Thursday, May 12, 2016

Walls....keeping ghettos in and out!


In one city, the divide takes the form of a major street south of which lies the university, and north of the street, one finds the poor section of town. In the small town where I grew up, the dividing line was a river, running south and emptying into a large Great Lake. To the east of the river inside the town boundaries, the poor people lived, worked and almost universally travelled outside their section of town for employment. Founded first, the east side of the river was dotted liberally with houses in need of repair, sidewalks that were broken and given that the section of town was out-of-sight and out-of-mind for the decision-makers in the town, was unlikely to see the kind of municipal attention in terms of improved public works like upgraded roads, updated schools, street lights and what has become known in larger cities as gentrification. Another dividing line was ‘snob hill’ that piece of geography and topography that hosted the large, historic, architecturally designed homes of some of the professional class. Snob hill provided another higher status in the collective mind of townspeople, to the west side of the river. Looking out from these elegant homes, one viewed the “Big Sound’ of the Georgian Bay, one of the more spectacular views on that lake.

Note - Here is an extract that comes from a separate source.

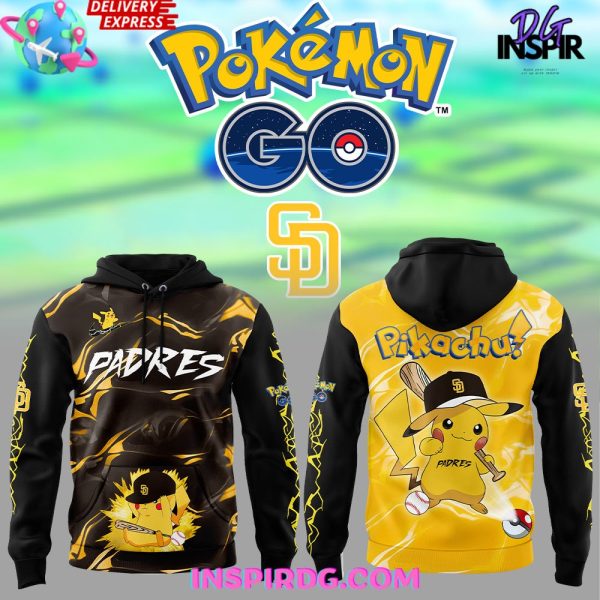 San Diego Padres Pokémon GO Special Hoodie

Although there were hymns to a classless society not so long ago, they have faded into the mist of a few politicians’ never-to-be-realized dreams. We are now living, each of us in our own town or city, in a society one of whose primary characteristics is the class war. It used to be that a university education was a passport into a secure, well-paying job, with considerable benefits, a pension and social respectability. Now, according to one study in the United Kingdom, universities are segregated by the incomes paid with graduates from Oxford and London Universities earning considerably more income than graduates from universities like the University of York in the north. It used to be that the suburbs housed the gentry class, and the centre of major cities were crippled into crumbling buildings and suspect ethos. Today, with the renewal of downtown cores, in many cities, the people with the money, and thereby the status and the class, the people with the power, the influence, and especially with the networks, reside and rule.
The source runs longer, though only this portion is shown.